La Cour a rejeté l’appel de M. Lagana et confirmé la conclusion de la Cour divisionnaire selon laquelle les demandes d’états financiers vérifiés de plus de deux ans sont prescrites. Sa décision montre comment les droits des actionnaires prévus à la LSAO coexistent avec les délais de prescription de base prévus à l’article 4 de la Loi. Plus particulièrement, la Cour a conclu à l’unanimité que la requête présentée par un actionnaire au titre du paragraphe 253(1) pour faire produire des états financiers vérifiés constitue une « réclamation » visant l’obtention d’une ordonnance corrective, et donc qu’elle est soumise au délai de prescription de base de deux ans. L’obligation de remettre des états financiers vérifiés est liée à un droit des actionnaires. Comme l’obligation de la société correspond à un droit privé, il y a une réclamation, et la Loi s’applique. La Cour a toutefois tenu à préciser que l’applicabilité des délais de prescription aux ordonnances d’exécution dépend de l’interprétation législative du mécanisme en cause. Pour les obligations qui correspondent à des droits privés (comme sous le régime de la LSAO), les délais de prescription s’appliquent; pour celles qui sont d’intérêt public seulement, l’analyse pourrait être différente. 

Points à retenir

La décision revêt un intérêt particulier pour les actionnaires minoritaires de sociétés à actionnariat restreint. Les sociétés fermées ne font souvent pas vérifier leurs états financiers, vu les coûts élevés. Pourtant, la loi oblige toutes les sociétés à le faire, sauf si leurs actionnaires adoptent une résolution les dispensant de cette obligation. Cela dit, les droits des actionnaires concernant la transparence financière ne sont pas éternels : s’ils ne les font pas valoir en temps utile, ils peuvent perdre accès aux documents des années antérieures. Les actionnaires devraient garder des traces écrites de leurs demandes en ce sens et présenter des requêtes sans trop tarder lorsque les efforts informels échouent.
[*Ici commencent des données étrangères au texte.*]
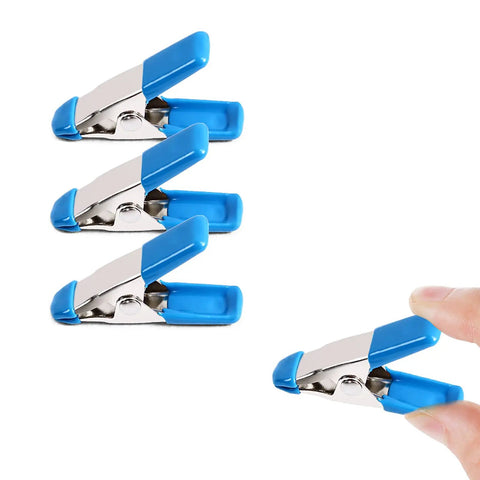 2 Inch Heavy Duty Spring Clamps Set 30 Pack For Woodworking Crafts Photography Backdrops Muslin Studio Clips Nickel Plated Steel With Non Marking PVC Coated Tips Pro Grade For Pros And DIYers, shown in hand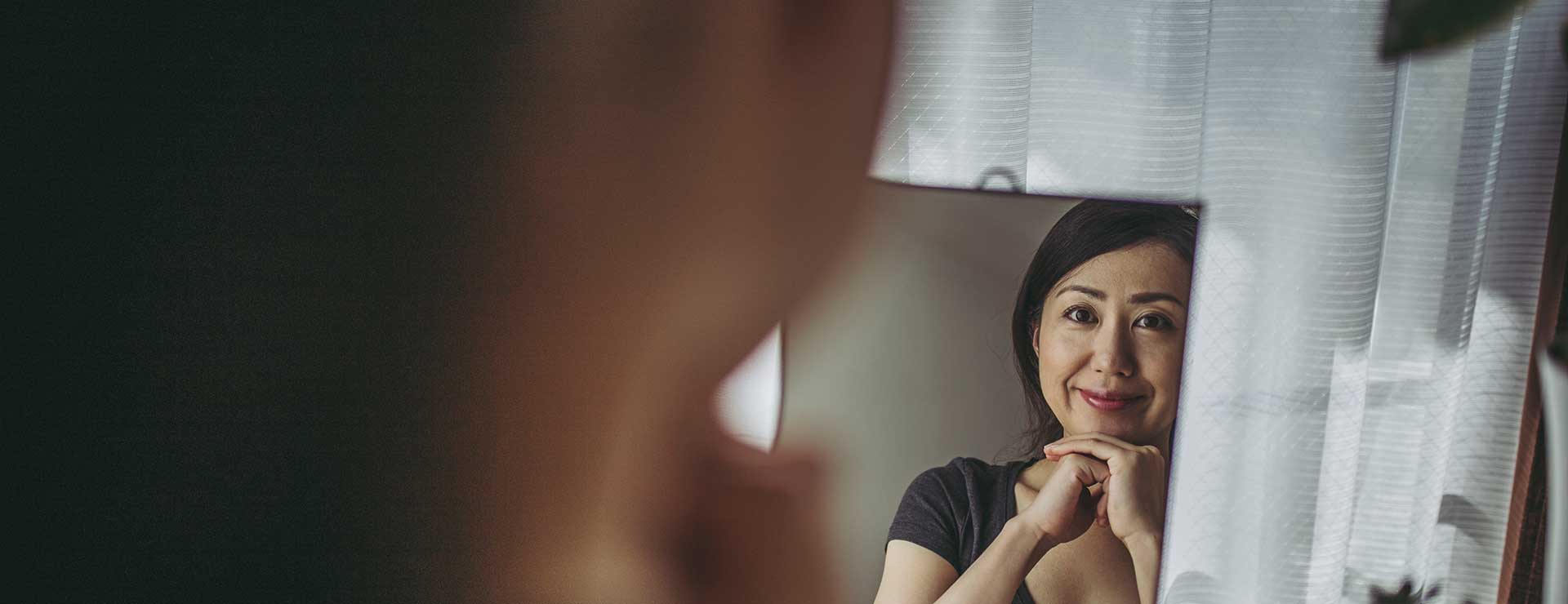 woman looking in mirror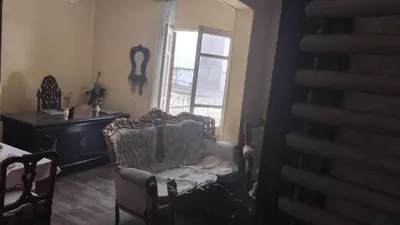 a living room with a chair and a window at Pito home in Luxor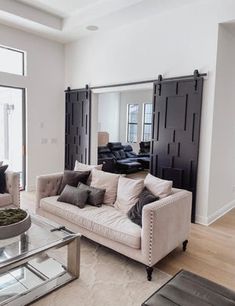 a living room filled with furniture and windows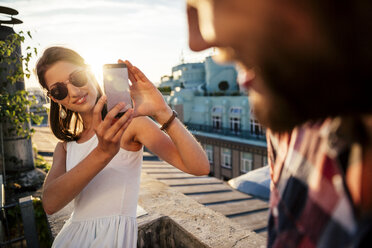 Österreich, Wien, lächelnde junge Frau, die auf einer Dachterrasse ein Foto von ihrem Freund macht - AIF000130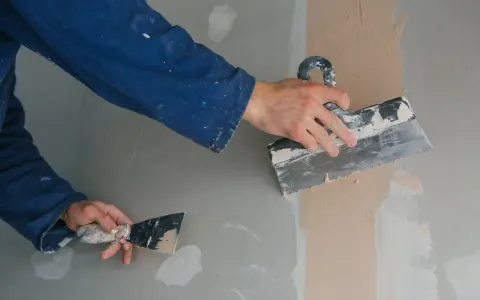 Ręce w niebieskim kombinezonie wykonują szpachlowanie ścian. Jedna ręka trzyma dużą szpachlę, drugą nakłada masę na ścianę.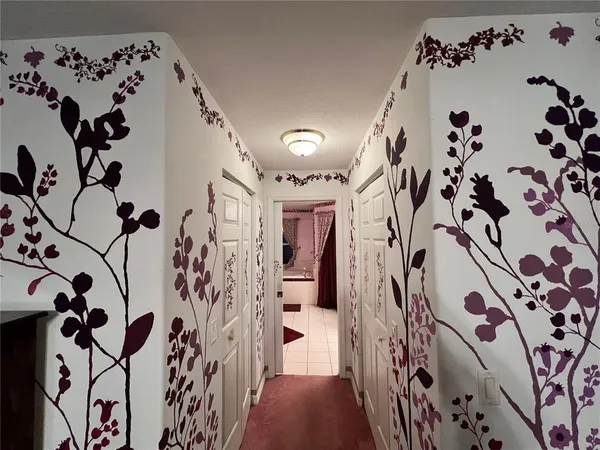a bathroom with a bathtub and shower curtain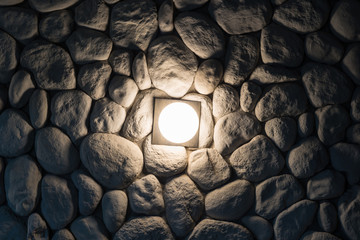 Bright wall lamp on dark stone wall at night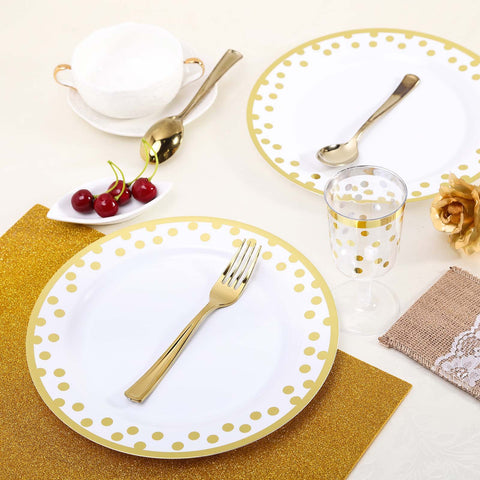 White plate with gold polka dots and gold flatware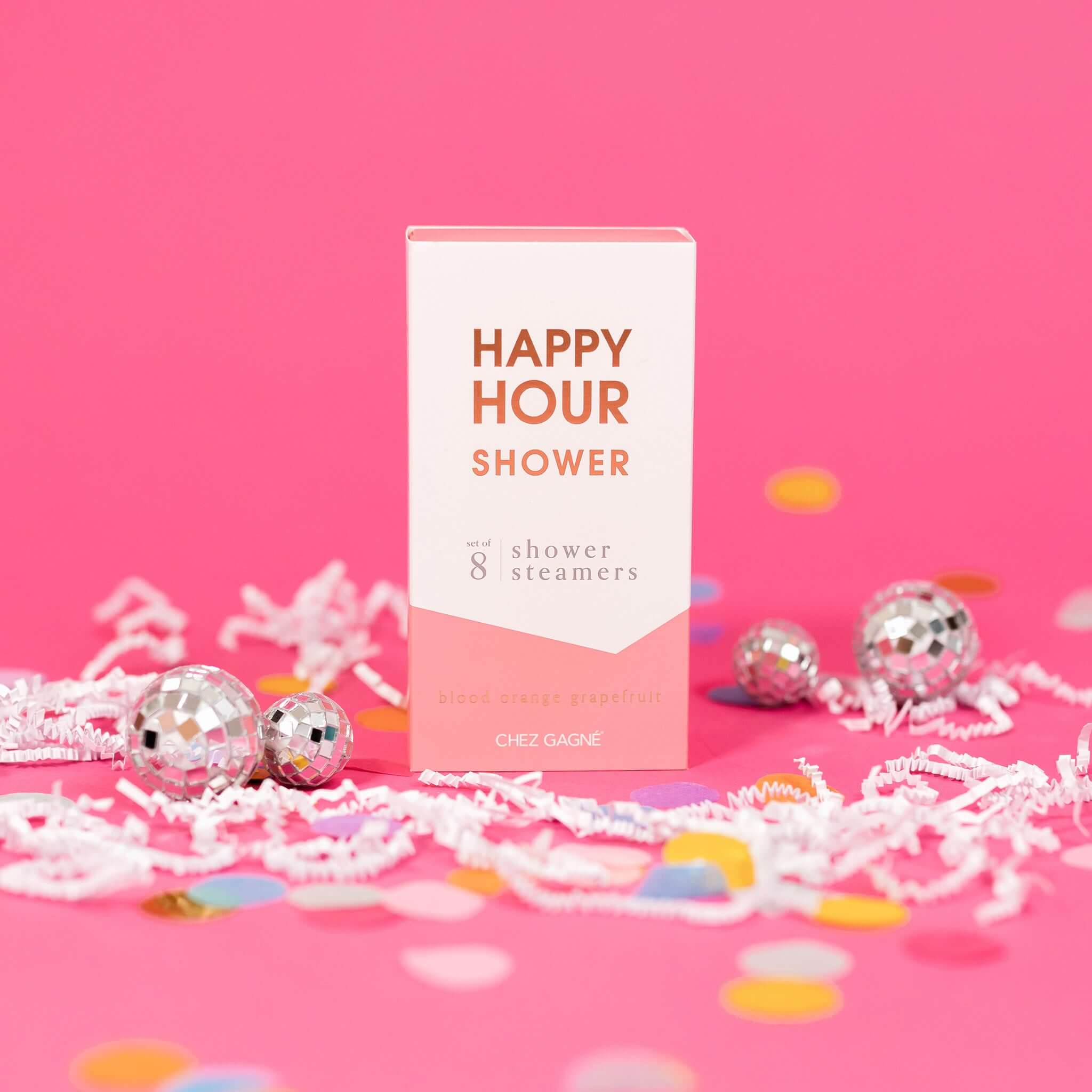 On a hot pink background sits a box with white crinkle and big, colorful confetti scattered around. There are mini disco balls. This picture is a close-up of a white and coral package that says "HAPPY HOUR SHOWER" in gold foil, all caps block lettering. Under it says "set of 8" and " shower steamers" in grey, lowercase serif font. At the bottom it says "blood orange grapefruit" in gold foil, lower case serif font.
La décision montre aussi que les moyens de défense fondés sur la prescription peuvent être efficaces dans des litiges sur la gouvernance, surtout lorsque de vieux manquements sont reprochés. Cela dit, elle ne libère pas une société de ses obligations continues. Il faut quand même respecter les exigences de la LSAO, sans quoi la société risque de faire l’objet de nouvelles réclamations chaque année

L’affaire Lagana montre l’équilibre que les tribunaux ont trouvé entre la transparence et l’équité procédurale. Les parties aux prises avec des litiges en droit des sociétés devraient revoir leurs documents de gouvernance et agir sans tarder pour garder accès aux recours prévus par la LSAO.